A comida tem um som? Claro que sim, sobretudo se envolver os Sampladélicos, que vão fazer um concerto audiovisual-performance multimédia para mostrar isso mesmo. Os Sampladélicos são Tiago Pereira, realizador e responsável pelos projectos d’ A Música Portuguesa a Gostar Dela Própria e A Comida Portuguesa a Gostar dela Própria, e Sílvio Rosado, designer, músico, compositor e artista visual.
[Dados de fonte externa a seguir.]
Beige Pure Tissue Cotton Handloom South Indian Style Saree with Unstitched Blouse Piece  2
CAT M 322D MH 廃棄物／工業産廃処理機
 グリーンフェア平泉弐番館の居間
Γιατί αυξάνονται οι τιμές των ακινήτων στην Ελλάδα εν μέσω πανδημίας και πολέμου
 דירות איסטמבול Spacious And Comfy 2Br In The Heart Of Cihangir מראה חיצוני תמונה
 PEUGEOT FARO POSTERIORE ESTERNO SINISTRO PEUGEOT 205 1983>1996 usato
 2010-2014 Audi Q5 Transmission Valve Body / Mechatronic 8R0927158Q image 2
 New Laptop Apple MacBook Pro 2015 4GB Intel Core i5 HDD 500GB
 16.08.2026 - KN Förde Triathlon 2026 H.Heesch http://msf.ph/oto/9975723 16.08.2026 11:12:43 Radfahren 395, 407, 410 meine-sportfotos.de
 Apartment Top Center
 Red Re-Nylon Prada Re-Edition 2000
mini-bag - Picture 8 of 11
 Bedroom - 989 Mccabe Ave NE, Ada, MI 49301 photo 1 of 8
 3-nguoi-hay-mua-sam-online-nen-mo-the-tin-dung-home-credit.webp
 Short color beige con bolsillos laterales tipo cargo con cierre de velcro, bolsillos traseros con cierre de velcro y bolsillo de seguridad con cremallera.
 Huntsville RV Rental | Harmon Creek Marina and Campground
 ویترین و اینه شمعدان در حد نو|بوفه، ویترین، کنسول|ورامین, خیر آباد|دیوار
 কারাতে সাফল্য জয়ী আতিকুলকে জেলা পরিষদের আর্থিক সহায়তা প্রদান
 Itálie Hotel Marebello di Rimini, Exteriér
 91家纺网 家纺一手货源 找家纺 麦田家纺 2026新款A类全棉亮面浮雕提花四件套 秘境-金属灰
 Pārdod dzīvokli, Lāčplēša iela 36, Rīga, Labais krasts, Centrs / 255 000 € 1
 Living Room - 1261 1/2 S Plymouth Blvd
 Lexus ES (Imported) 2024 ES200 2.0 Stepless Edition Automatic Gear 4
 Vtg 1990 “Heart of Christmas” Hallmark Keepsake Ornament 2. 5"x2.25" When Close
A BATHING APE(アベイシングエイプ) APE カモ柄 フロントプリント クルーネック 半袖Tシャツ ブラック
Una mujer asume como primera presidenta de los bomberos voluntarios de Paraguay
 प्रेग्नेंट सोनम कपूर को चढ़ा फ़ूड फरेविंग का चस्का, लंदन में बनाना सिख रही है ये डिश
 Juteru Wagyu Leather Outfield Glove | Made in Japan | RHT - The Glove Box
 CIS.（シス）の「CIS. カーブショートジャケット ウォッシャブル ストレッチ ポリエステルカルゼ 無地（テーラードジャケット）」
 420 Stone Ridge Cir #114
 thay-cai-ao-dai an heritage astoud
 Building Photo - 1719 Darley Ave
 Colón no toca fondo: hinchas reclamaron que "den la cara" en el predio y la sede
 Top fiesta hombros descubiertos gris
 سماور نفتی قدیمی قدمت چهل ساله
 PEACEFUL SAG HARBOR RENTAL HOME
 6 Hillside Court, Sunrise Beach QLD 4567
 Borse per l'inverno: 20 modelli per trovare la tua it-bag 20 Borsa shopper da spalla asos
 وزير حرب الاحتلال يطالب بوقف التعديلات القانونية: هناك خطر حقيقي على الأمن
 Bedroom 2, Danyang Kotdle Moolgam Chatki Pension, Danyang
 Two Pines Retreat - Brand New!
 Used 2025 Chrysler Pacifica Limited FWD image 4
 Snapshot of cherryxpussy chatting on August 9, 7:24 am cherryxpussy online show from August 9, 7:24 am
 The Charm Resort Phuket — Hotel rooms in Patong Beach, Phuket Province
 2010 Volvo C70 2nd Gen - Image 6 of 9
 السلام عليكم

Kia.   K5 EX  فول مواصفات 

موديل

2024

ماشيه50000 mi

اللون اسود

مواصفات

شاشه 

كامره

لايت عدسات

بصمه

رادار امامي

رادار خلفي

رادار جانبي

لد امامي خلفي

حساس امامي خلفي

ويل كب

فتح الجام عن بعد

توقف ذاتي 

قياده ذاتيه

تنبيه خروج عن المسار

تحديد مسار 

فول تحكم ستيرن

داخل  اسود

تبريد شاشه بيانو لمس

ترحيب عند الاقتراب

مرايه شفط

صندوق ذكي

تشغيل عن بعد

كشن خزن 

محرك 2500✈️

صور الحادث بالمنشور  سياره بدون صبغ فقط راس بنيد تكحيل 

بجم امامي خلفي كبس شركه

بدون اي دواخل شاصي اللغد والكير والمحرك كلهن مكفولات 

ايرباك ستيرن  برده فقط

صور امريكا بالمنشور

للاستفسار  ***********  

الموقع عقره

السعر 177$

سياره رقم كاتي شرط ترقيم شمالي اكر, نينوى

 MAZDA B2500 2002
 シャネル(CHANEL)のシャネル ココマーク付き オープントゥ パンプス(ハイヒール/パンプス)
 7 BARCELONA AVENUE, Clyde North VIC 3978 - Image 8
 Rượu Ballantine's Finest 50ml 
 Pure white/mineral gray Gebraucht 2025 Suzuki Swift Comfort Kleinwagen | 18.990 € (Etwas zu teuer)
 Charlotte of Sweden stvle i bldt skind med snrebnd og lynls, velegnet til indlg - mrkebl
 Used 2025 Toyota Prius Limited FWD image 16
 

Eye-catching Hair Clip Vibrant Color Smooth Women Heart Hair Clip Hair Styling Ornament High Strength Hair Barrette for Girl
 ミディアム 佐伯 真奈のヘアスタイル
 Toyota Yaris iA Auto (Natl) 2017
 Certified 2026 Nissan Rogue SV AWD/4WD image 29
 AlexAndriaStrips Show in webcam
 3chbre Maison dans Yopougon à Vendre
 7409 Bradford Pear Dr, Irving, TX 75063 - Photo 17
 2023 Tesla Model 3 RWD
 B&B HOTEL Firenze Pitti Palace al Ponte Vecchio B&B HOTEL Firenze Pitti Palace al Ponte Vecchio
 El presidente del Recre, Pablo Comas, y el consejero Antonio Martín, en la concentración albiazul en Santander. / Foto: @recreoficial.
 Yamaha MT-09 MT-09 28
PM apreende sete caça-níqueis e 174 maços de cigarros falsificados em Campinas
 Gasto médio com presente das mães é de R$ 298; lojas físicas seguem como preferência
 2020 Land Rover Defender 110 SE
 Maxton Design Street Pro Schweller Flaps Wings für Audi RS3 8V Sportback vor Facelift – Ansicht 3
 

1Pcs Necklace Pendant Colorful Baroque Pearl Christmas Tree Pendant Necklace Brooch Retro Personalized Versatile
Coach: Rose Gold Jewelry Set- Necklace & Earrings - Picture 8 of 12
A eles junta-se agora André Magalhães, da Taberna da Rua das Flores, e o resultado desta aventura será, além do concerto, um jantar no Museu de Portimão no dia 20 de Dezembro – integrado no ciclo de arte e gastronomia Fazer Render o Peixe, que faz parte do programa 365 Algarve, iniciado em Outubro e que se prolonga até Maio. A ideia desde projecto, lançado por André de Quiroga, é, através de exposições, performances, concertos e jantares temáticos, dinamizar o Algarve durante a época baixa e valorizar os produtos endógenos.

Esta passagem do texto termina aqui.